When it came to making our pizza sauce, there’s a huge amount of differing opinions online amongst famous chefs and pizzaiolos: purists with sauces made entirely of tomato, and other with a cupboard full of seasonings included. Furthermore, there’s sauces that are simmered for hours and others that are blitz-and-go. We’re sticking to our guns and our lazy mantra - we wanna make pizza at home as easy as possible. So we’ve adapted and merged a few different recipes, to create something we think was a first time home-run! No cooking required, just a blender and some jazzing up from the old spice rack. Here’s our Slice or Die Sugo number 1:
Combine the following: 1 tin of chopped tomatoes (400g), 2 tablespoons of extra virgin olive oil, 1 tablespoon of tomato puree, 2 teaspoons of balsamic vinegar, 1 teaspoon of oregano, 1 teaspoon of sugar, salt & pepper (to taste).
For our toppings we’re lucky to own some delicious extra virgin olive oil (evoo) from a relative’s restaurant and olive groves in rural Catalunya, but any decent quality evoo will suffice. For our cheese and meats, we went to Margiotta - an independent deli in Edinburgh with Italian roots. There’s a few locations in town and they stock great local produce as well as a lot of Italian products and are definitely worthy of your support.

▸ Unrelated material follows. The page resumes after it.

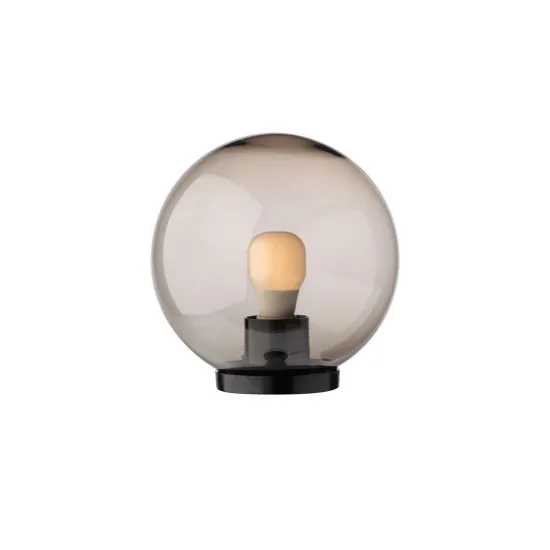 Redo Smarter Sfera fekete-füstszínű kültéri mennyezeti lámpa (RED-9760) E27 1 izzós IP44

It’s no secret that the key to a perfect pizza is the way they are cooked, and nothing beats a pie straight from a 500 degree pizza oven. The challenge at home is to try and recreate this to the best of your ability. For this experiment we used a pizza stone, that heats up to approximately hot as fuck. You gotta get your oven as high as it’ll go (ours is 250 degrees) and get that stone preheated early - you'll want at least an hour. If you’re smart you’ll do this before you make your sauce and prep your toppings, but if you’re like us - you’ll have an hour to kill. Go for a beer, that’s what we did.
For our first pizza we wanted to make as close to a traditional Neopolitan Margherita pizza as possible, so after shaping our dough, we topped it with our pizza sauce, buffalo mozzarella and a glug of evoo. We popped our first born in the red hot oven for 7 minutes, before topping with fresh basil. You’re gonna need some semolina to act as wee ball-bearings when transferring your pizza from peel to stone. Your pie should wiggle and jiggle when you shake the peel. If it doesn’t, try putting on some hip-hop and extra semolina. For our first ever pizza, we were pretty happy with our little pie. What we found though is this style of pizza doesn’t work to well in this oven set-up, with the much longer cook time compared to the traditional pizzerias 60-90 seconds meant the freshness of the mozzarella was ruined: it seemed to almost disappear and loose a lot of flavour.
For pizza number two, we stuck to a Margherita but this time used a hard style of mozzarella literally called ‘pizza cheese’. For another point of difference, we chopped our basil and cooked it on the pie. For our cook time we wanted to see a little more char and pushed the pie to 9 minutes. What we got was a better bake on the dough, but the cheese accidentally joined the char party. Still, this was fucking delicious - the firm mozzarella definitely a better choice for home-cooked pizza.
For the last pizza of the day, we decided to recreate a guilty pleasure. Look, we like good pizza as much as the next - but sometimes, you’re hungover AF, you feel like a shitbag and you don’t deserve good pizza. That’s when the shameful anonymity of ordering from the big three happens. For us, Papa John’s American Hot is a guilty pleasure. I mean it’s just a pepperoni pie with jalapenos, but fuck, we love jalapenos. We loaded this last guy with tons of cheese, pepperoni, peppers and a good glug of evoo. The result was an oily, gooey mess - but a delicious one. I guess if you’re at home it doesn’t matter if half the pizza is down your front.
Overall, we were super happy with our sauce, made gains on toppings, but our dough and bake time needs work - maybe it kneads work. In episode 002 - we are going to invest in a baking steel - a bigger, more badass version of the pizza stone. Using both steel and stone to create a mini oven in an oven, we will get this bake nailed.